Libertas non uenditur – A liberdade não está à venda

A liberdade, acabo por concluir, é um conceito que morre à nascença, sem que nada possamos fazer para o salvar.

Não falo da liberdade de circulação, de escolha, ou alguma outra mundana ou mais óbvia, sequer falo da utópica, essa sim, impossível de conceber tendo em conta a raiz vinculativa do ser humano.

Falo da real liberdade de ser e de estar, de podermos escolher o que queremos e como queremos, de podermos ser donos das nossas opções, e de nos ser possível decidir o que fazemos, com quem fazemos, como fazemos.

Pode parecer simples mas não é. Porque o custo a pagar por essas decisões está muitas vezes fora do nosso alcance, uma vez que não nos é possível dissociar a nossa liberdade de ser, da liberdade do outro em reagir e actuar, o que faz com que sejamos obrigados, em nome deste nosso direito, a suportar actos e palavras que nem sempre conseguimos ou queremos tolerar.

A primeira questão que me surge, é se esta submissão ao outro (ou a nós mesmos e às nossas necessidades), pode presumir a assumpção do conceito na essência. É que em nome do que nos é aceitável, vamos apenas crescendo numa certa pseudo liberdade, que só pelo nome nos liberta o consciente (ou será o inconsciente?), mas na prática apenas nos permite ser servos.

Servos dos outros e do controle das suas acções, protegendo assim o nosso eu de palavras ou gestos que não podemos (?) suportar. 

Até porque, para sermos (mais) livres, teremos obrigatoriamente de ser mais auto suficientes, na senda de conseguirmos manter fidelidade ao nosso conceito de individualidade, pouco complacente com as regras protocoladas, no geral. Temos ainda de ser mais responsáveis, mais tolerantes, mais (paradoxalmente?) sociais, dado que a nobreza do conceito não lhe permite que se reduza a uma esfera unilateral.
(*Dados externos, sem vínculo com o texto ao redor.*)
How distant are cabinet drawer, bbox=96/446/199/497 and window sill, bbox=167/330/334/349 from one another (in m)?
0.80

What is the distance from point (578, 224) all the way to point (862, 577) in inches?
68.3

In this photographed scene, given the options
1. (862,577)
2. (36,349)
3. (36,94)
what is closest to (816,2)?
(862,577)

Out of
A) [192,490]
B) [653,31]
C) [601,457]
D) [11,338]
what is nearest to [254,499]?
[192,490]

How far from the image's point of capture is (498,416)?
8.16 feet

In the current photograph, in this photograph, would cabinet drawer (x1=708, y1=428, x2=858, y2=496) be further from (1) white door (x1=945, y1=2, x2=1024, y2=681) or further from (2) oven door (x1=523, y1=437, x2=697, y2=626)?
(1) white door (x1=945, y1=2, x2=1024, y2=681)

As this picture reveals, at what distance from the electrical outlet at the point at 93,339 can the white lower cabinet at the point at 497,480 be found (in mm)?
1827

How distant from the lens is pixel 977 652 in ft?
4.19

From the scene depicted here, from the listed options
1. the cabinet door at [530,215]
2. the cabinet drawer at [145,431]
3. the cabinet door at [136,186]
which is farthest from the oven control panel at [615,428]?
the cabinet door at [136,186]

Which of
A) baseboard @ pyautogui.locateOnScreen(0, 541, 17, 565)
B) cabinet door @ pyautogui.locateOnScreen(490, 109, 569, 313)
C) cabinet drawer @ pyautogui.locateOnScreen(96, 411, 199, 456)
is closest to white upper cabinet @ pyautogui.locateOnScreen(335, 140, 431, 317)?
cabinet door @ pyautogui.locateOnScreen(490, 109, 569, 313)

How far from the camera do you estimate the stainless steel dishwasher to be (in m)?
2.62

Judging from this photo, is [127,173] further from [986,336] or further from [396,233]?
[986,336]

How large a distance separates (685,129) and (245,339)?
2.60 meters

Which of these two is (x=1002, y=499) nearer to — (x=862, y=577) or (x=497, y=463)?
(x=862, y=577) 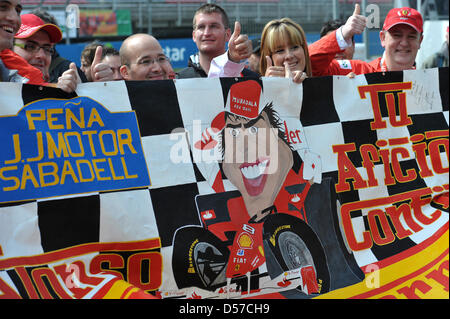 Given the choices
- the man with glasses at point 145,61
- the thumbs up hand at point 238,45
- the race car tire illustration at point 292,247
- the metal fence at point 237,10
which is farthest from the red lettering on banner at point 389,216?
the metal fence at point 237,10

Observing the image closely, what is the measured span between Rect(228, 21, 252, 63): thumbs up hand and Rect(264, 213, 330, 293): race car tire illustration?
818 mm

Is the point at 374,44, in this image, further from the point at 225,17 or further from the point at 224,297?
the point at 224,297

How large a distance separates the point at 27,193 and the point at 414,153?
6.61 ft

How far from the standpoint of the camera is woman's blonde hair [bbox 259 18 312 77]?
3227 millimetres

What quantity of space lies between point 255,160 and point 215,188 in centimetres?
25

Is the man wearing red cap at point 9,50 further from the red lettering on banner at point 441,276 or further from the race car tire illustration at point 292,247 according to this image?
the red lettering on banner at point 441,276

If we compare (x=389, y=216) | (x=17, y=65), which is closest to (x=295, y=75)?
(x=389, y=216)

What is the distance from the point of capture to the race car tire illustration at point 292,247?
260 centimetres

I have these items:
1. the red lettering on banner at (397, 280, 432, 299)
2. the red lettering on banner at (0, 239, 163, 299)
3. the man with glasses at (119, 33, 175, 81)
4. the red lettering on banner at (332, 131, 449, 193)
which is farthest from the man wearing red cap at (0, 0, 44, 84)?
the red lettering on banner at (397, 280, 432, 299)

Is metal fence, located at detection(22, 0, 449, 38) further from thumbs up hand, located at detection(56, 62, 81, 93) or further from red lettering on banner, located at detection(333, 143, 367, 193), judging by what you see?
thumbs up hand, located at detection(56, 62, 81, 93)

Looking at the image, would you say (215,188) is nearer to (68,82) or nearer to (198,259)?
(198,259)

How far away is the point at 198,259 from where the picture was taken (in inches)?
97.5

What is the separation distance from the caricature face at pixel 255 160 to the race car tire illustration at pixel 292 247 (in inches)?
4.4

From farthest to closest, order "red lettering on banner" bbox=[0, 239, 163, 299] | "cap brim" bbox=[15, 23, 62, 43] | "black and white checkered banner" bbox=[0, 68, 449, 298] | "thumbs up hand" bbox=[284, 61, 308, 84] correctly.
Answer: "cap brim" bbox=[15, 23, 62, 43]
"thumbs up hand" bbox=[284, 61, 308, 84]
"black and white checkered banner" bbox=[0, 68, 449, 298]
"red lettering on banner" bbox=[0, 239, 163, 299]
Necessita de dualidade, pluralidade, sintonia, harmonia, pois só assim assume o sentido da sua plenitude. Eu sou, tu és. Parece-vos confuso? Ora vejamos: um homem que sujeita um outro homem a uma subordinação, não é livre, é dependente. Um homem que sujeita outro homem à obediência cega, não é livre, está submisso à sua condição de totalitarismo. Um homem que sujeita outro homem à satisfação das suas vontades, não é livre, é dependente de terceiros para usufruto pessoal (terceiros imprescindíveis para que se assuma como ser mais inteiro, e na prática, tão mais fracturado). 

Por tudo isto a liberdade no seu estado mais puro, que por vezes ambicionamos ou até, na ignorância, reivindicamos, pode ser muito desorganizadora.
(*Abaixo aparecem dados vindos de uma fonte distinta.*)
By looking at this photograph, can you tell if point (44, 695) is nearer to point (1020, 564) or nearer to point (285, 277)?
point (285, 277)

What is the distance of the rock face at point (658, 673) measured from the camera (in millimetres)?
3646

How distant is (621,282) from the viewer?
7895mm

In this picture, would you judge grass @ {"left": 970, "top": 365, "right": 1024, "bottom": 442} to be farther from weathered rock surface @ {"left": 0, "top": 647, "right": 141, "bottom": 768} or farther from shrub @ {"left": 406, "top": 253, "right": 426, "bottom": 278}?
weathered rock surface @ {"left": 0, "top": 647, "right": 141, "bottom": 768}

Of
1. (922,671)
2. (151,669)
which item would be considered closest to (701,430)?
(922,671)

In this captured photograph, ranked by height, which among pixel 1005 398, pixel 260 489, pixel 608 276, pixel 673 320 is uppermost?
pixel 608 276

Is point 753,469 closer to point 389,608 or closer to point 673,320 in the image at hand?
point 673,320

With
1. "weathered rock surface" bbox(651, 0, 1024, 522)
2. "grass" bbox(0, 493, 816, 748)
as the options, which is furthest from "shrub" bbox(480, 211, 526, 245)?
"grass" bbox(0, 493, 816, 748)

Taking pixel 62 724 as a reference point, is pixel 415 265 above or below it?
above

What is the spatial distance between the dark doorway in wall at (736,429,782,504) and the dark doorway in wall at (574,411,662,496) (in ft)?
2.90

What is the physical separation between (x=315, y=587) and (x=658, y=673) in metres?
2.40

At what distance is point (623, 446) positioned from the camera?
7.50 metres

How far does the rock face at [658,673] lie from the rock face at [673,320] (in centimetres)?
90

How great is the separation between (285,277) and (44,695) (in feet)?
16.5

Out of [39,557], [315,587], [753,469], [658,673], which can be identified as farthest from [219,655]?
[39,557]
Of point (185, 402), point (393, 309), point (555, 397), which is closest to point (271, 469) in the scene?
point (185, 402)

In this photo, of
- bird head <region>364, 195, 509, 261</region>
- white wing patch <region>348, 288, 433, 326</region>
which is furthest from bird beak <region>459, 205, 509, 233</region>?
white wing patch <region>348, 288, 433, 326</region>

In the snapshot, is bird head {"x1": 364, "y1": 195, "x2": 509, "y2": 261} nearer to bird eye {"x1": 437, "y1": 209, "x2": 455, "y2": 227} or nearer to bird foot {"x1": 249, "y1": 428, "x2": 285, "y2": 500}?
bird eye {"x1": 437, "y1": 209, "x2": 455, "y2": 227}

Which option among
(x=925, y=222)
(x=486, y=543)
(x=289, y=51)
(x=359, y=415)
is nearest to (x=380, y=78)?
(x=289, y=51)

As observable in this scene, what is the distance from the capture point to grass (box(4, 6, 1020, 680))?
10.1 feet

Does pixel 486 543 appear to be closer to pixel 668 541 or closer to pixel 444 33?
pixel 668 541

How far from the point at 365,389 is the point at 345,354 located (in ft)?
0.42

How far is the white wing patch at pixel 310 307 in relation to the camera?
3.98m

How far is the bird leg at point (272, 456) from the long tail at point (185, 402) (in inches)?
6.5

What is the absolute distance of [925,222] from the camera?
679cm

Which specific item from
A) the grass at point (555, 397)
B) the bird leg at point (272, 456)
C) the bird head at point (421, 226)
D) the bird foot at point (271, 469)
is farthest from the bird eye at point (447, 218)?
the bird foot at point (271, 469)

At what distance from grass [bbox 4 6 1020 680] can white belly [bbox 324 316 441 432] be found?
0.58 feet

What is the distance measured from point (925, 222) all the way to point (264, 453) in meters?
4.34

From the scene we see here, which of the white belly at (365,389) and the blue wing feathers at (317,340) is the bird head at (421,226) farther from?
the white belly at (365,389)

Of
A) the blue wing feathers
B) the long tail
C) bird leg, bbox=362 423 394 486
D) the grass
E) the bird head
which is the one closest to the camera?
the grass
Porque na direcção da sua busca e, pontualmente, do seu encontro, tropeçamos inúmeras vezes nas nossas próprias dependências, no nosso eu mais interno, nas nossas fragilidades e necessidades relacionais (onde termina a minha carência e começa a minha escolha? ).

Assumimos a travessia numa espécie de barco sem leme, abrimos margem para o medo, e tornamos o porto num desgoverno inseguro, totalmente contrário ao que parecemos precisar.

Questiono-me até que ponto estas (entre outras) questões, não tornam o conceito de Liberdade numa impossibilidade de execução prática, uma espécie de busca incessante por uma solução que não saberíamos suportar. 

Sempre na mira da evolução, pergunto-me inúmeras vezes onde poderemos encontrar esse equilíbrio idílico que nos permitiria existir em liberdade, sem que os extremos nos apunhalem e nos derrubem sempre, logo no início do caminho. Onde morará essa fabulação esdrúxula, capaz de criar horas de discussão, milhares de teorias filosóficas, e inúmeras conjecturas, todas elas muito próximas do engano?

Não sei, rendo-me sempre à ignorância (a mais sábia de todas as teorias?). Mas parece-me que sem auto-conhecimento, no que toca ao individual, e no respeito, no que toca ao colectivo, nada mudará. Estamos (felizmente?) longíssimo, portanto. E se um dia lá chegarmos, talvez não consigamos olhar para o que encontraremos. E seja esse, eventualmente, o grande recuo da humanidade.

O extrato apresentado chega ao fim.